Question

Prove that all 4 sides of rhombus are equal

Answer 1

You can use the following six methods to prove that a quadrilateral is a rhombus. The last three methods in this list require that you first show (or be given) that the quadrilateral in question is a parallelogram:

If all sides of a quadrilateral are congruent, then it’s a rhombus (reverse of the definition).

If the diagonals of a quadrilateral bisect all the angles, then it’s a rhombus (converse of a property).
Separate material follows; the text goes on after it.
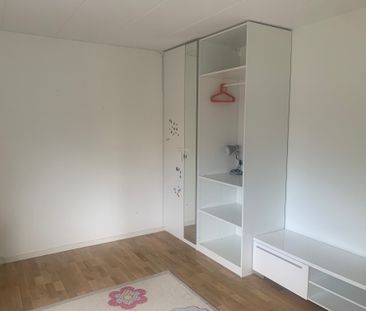 Bullerholmsgränd, Skärholmen - Photo 1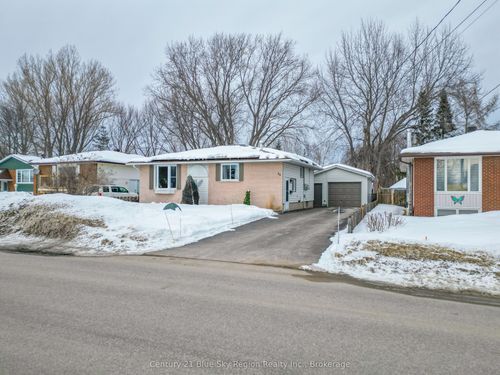 96 Strathcona Dr, North Bay, ON, P1A2N3 | Card Image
If the diagonals of a quadrilateral are perpendicular bisectors of each other, then it’s a rhombus (converse of a property).
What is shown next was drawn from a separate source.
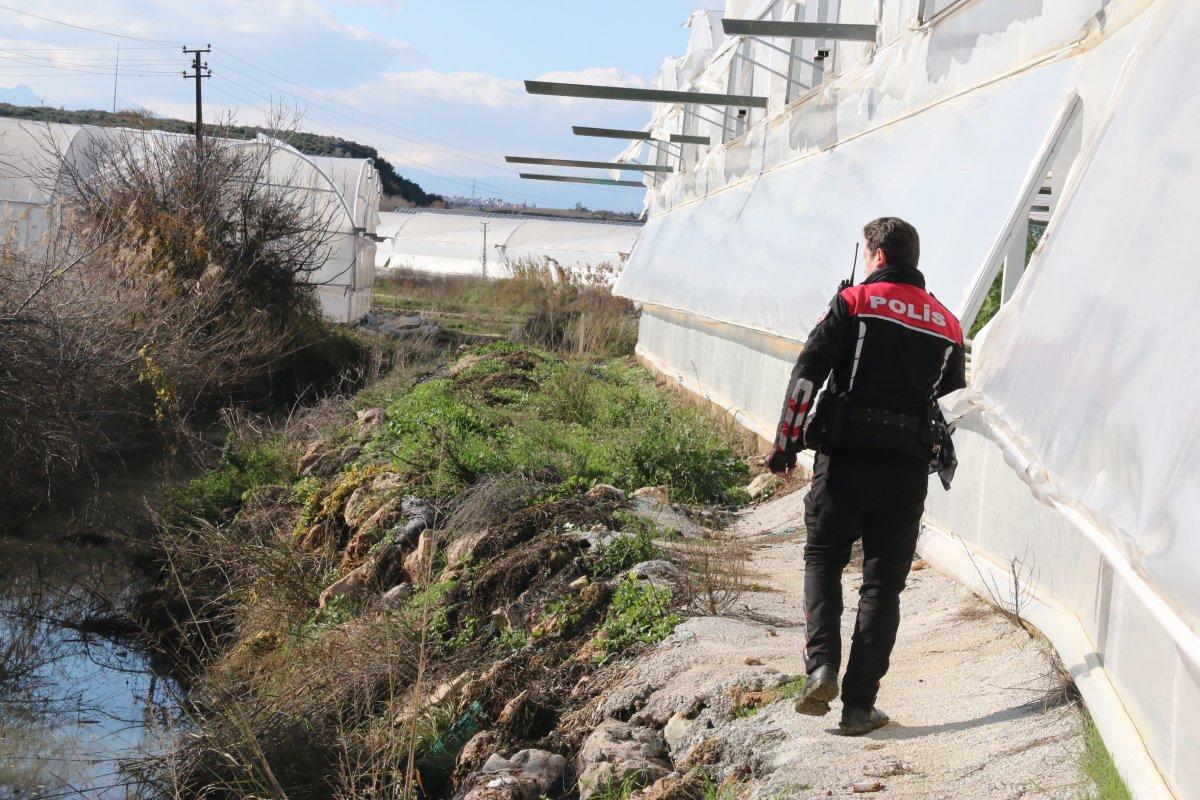 Antalya'da polisin 30 kilometre kovaladığı 2 kişiden biri yakalandı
Tip: To visualize this one, take two pens or pencils of different lengths and make them cross each other at right angles and at their midpoints. Their four ends must form a diamond shape — a rhombus.
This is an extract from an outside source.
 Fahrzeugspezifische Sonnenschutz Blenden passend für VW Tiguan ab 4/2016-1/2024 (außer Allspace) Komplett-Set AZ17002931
If two consecutive sides of a parallelogram are congruent, then it’s a rhombus (neither the reverse of the definition nor the converse of a property).

If either diagonal of a parallelogram bisects two angles, then it’s a rhombus (neither the reverse of the definition nor the converse of a property).

If the diagonals of a parallelogram are perpendicular, then it’s a rhombus (neither the reverse of the definition nor the converse of a property).

Here’s a rhombus proof for you. Try to come up with a game plan before reading the two-column proof.

Answer 2

All 4 sides of rhombus are equal.

• Given: Let ABCD be a rohmbus.

• To prove: AB=BC=CD=AD

• Proof: In ∆ABC and ∆ACD,

angleACB=angleCAD and

angleACD=angleCAB (Alternate interior angle)

AC=AC (common)

• Therefore, by ASA congruence

∆ABC is congruent to∆ACD

• So, AB=CD and BC=AD _(i)

• We know that the diagonal of rhombus bisects each other at 90°.

•Let AC and BD bisect at O.

• In ∆AOB and ∆BOC,

angleAOB=angleBOC=90°

AO=OC

BO=BO (common)

• Therefore, by SAS congruence

∆AOB is congruent to ∆BOC.

• So, AB=BC _(ii)

• From (i) and (ii),

AB=BC=CD=AD

• Hence, all 4 sides of rhombus are equal.